In the Photo:Museum cafe
Upstairs, floor-to-ceiling windows admit bands of sunlight into a dizzying maze of endless corridors of artwork. Immaculate white walls and blank spaces are decorated with Archibald Motley’s paintings, a visiting Frank Stella exhibit, among other permanent collections of modern American art. On the seventh floor a retro-chic, sunlit (and crowded!) cafe beckons visitors to wax philosophic midday whilst sipping a seven dollar cappuccino or delectably dining on a ten dollar toast.

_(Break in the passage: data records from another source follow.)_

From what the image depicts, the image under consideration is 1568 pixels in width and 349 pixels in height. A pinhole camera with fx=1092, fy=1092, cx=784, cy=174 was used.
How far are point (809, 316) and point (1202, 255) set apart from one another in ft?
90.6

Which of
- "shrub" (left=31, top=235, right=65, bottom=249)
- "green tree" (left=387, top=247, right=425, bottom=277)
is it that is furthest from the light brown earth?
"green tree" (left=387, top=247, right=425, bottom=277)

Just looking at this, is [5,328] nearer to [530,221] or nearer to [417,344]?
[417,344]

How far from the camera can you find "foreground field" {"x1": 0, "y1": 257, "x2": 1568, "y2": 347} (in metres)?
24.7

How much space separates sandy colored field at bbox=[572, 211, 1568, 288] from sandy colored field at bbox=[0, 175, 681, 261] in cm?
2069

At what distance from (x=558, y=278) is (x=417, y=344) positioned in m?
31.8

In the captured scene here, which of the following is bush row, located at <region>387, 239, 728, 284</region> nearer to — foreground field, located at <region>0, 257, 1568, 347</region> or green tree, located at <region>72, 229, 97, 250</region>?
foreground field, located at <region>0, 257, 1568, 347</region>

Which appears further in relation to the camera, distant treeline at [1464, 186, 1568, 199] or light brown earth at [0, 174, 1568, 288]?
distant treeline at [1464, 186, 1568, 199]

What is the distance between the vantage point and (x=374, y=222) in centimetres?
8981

Not surprisingly, it is not the Whitney’s interior decor that has stirred a controversy in the Meatpacking District. Instead, it is its very deliberate architectural boldness in an otherwise traditional neighborhood that has prompted a frenzied response from locals. One can think of the Whitney as being engaged in an unfinished dialogue with its neighbors, a perpetual conversation, even a trying courtship. It towers over neighboring buildings, low-rise apartments, and the single-story upscale boutiques which dot the neighborhood. Its exterior is bold, one could argue arrogant, commanding a unique presence in a quiet corner of Manhattan known for its century-old, dwindling meatpacking industry. The Meatpacking District is broadly bound by West 14th Street to the north, Gansevoort Street to the south, Ninth Avenue to the east and Washington Street to the west. And, while gentrification may be a hackneyed term for the neighborhood, it is nonetheless accurate.

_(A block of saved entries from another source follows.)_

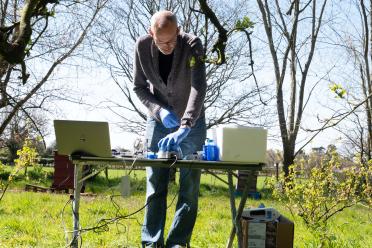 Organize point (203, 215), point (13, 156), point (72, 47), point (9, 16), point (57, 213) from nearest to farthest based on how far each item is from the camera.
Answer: point (57, 213)
point (203, 215)
point (9, 16)
point (72, 47)
point (13, 156)

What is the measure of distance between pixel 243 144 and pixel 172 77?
0.70m

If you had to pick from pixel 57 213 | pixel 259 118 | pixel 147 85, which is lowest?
pixel 57 213

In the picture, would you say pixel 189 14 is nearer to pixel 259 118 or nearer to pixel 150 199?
pixel 259 118

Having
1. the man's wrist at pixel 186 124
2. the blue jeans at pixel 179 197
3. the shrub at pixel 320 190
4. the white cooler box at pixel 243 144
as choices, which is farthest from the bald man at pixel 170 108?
the shrub at pixel 320 190

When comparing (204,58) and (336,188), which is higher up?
(204,58)

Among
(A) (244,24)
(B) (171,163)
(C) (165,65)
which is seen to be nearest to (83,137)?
(B) (171,163)

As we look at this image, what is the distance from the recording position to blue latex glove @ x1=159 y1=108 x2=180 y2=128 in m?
2.74

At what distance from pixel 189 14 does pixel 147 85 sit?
11513 millimetres

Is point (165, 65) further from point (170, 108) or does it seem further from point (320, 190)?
point (320, 190)

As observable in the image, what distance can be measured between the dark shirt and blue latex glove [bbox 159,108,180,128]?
24cm

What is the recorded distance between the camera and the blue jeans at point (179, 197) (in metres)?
2.82

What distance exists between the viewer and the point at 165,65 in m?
2.93

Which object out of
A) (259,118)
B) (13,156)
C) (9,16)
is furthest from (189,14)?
(13,156)

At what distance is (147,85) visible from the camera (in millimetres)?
3002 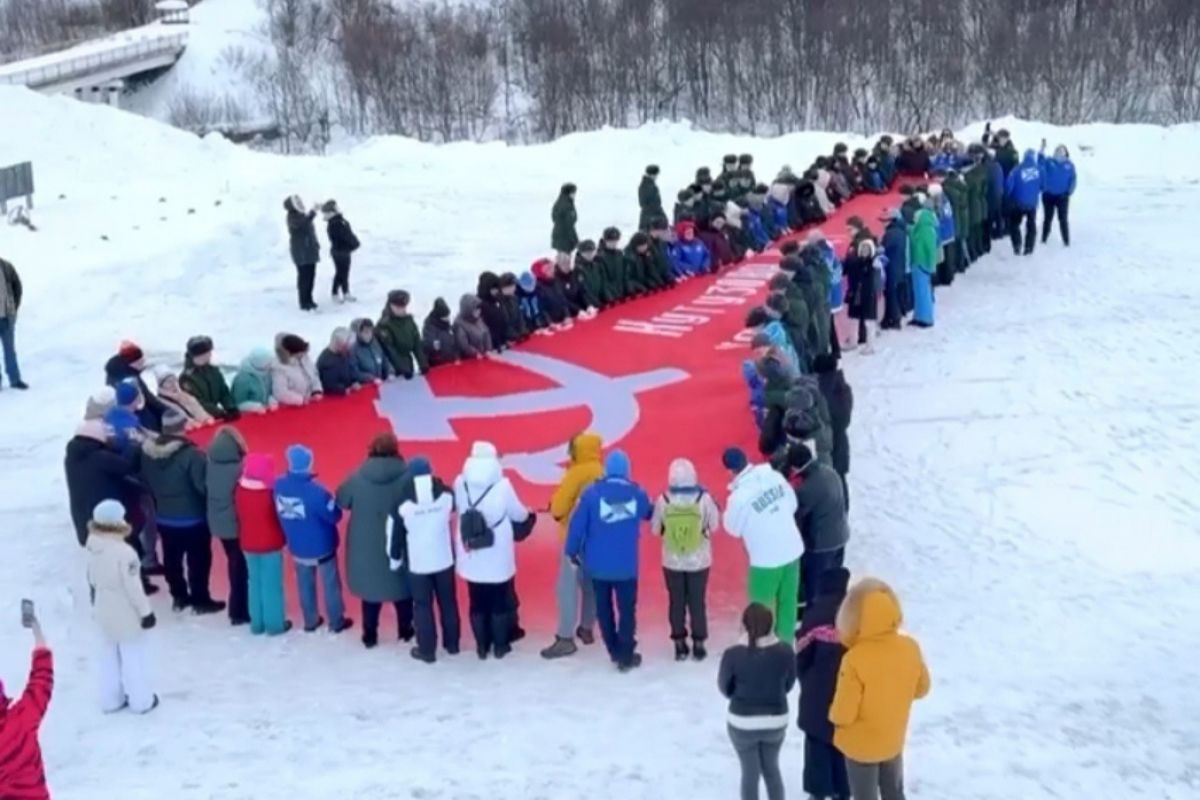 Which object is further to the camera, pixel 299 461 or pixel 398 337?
pixel 398 337

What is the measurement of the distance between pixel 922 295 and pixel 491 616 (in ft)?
28.4

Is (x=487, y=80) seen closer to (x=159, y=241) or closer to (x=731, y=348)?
(x=159, y=241)

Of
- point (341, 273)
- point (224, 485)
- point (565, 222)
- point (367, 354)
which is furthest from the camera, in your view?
point (565, 222)

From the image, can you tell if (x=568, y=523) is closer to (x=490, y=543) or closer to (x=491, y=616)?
(x=490, y=543)

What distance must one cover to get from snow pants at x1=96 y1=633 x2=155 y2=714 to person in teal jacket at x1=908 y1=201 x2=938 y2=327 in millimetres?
10011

In the Photo:Construction in Meatpacking
If a modern cultural institution like the Whitney is a source of misery to Meatpacking residents, we all know that misery loves company, and nearby cobblestone streets are decked with construction vehicles, trucks, safety cones and yellow tape. The Whitney’s move to the area surely contributes to begrudged rent hikes, disliked by longtime residents (and new renters!). But—and I know it’s a big but—its move may help define downtown Manhattan as a cultural hub. And the area’s recent construction boom has the Whitney to thank.
WHAT THE WHITNEY MEANS FOR NYC—AND OTHER CITIES
However ‘unmodern’ the neighborhood might be, it was primed to receive the Whitney, as a downtown art scene was years in the making. More than simply an addition to an evolving neighborhood, the Whitney’s downtown move holds broader meaning for New York City, and really for any city in the world. Just as other black sheep, like the Georges Centre Pompidou and the modern triangular addition to the Louvre, have offset contentious debates among locals, pitting conservatives or traditionalists against “modernists,” so has the Whitney.
The key point is that stirring controversy is not a negative per se. An outlier adds flair to a neighborhood, often attracting new businesses while admittedly stymieing others. In the case of New York City, the Economic Development Corporation (EDC) holds dear the partnership between the City and the Whitney Museum, as it aims to “keep the Gansevoort Meat Market—a celebrated local business—in the neighborhood for the next 20 years.”
Cities develop intentionally or otherwise, doing away with the old to make way for the new. This may be difficult for the old generation to accept, for longtime residents, for traditionalists, for museum critics, for the highly opinionated. The good news is, invigoration is the stuff of life. Newness may be the surest guarantee of economic endurance. After all, a neighborhood’s identity is an iterative process, is it not?